To determine the nucleation parameters of seed type II, the microstructure of the sample with LoF defects was analyzed. Fig. 3(b) shows the electron backscatter diffraction (EBSD) orientation map of the as-deposited sample along the building direction with a laser power of 150 W and scanning speed of 960 mm·s^–1. Lower energy density (E = 39.1 J·mm^–3) resulted in LoF defects in the as-deposited microstructure. In the region with LoF, there were fine equiaxed grain accumulation zones with an average grain size of 2.26 μm and unlabeled black regions. Thus, the minimum nucleation spacing of seed type II was set as 2 μm. To determine the nucleation parameters of seed type II, the PF simulated results were compared with the experimental results in terms of LoF defects. It was determined that a large number of seed type II nucleate uniformly at the top of each layer when the solid fraction is 85vol%. The determination and verification of the nucleation conditions are detailed in Section 4.2.

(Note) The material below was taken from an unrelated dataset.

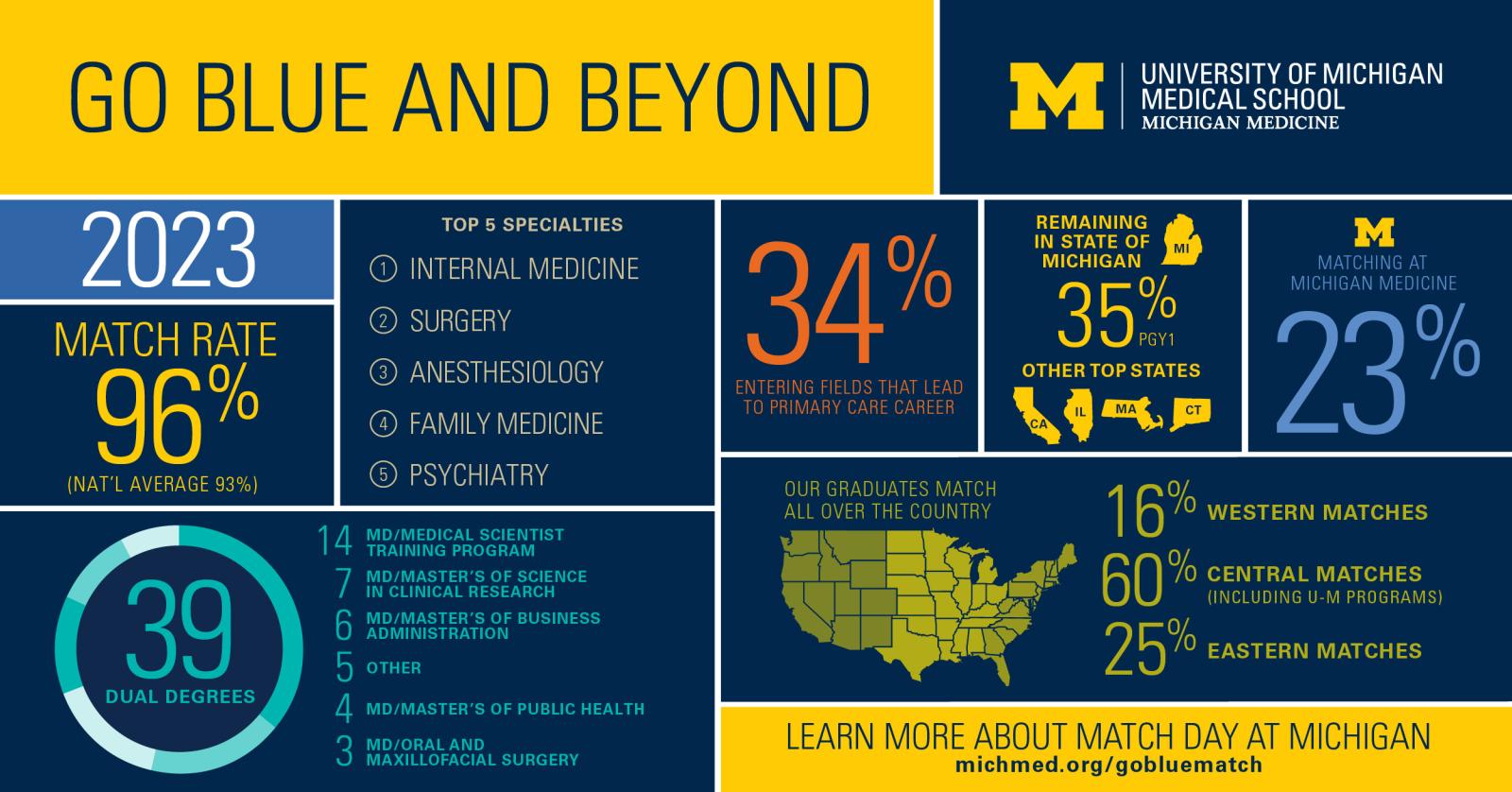 Go Blue and Beyond Infographic Top 5 Specialities 1 Internal Medicine 2 Surgery 3 Anesthesiology 4 Family Medicine 5 Psychiatry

To clarify the relationship between the laser scanning parameters and grain characteristics, an orthogonal experiment was conducted. The laser power, scanning speed, and rotation angle are indicated in Section 4.1. Seven values were determined for each parameter, as shown in Table 3, for the orthogonal experimental design. An orthogonal table of ${L}_{49}\left({7}^{8}\right)$ was used to design 49 groups of simulations shown in Table S1 (see the supplementary material).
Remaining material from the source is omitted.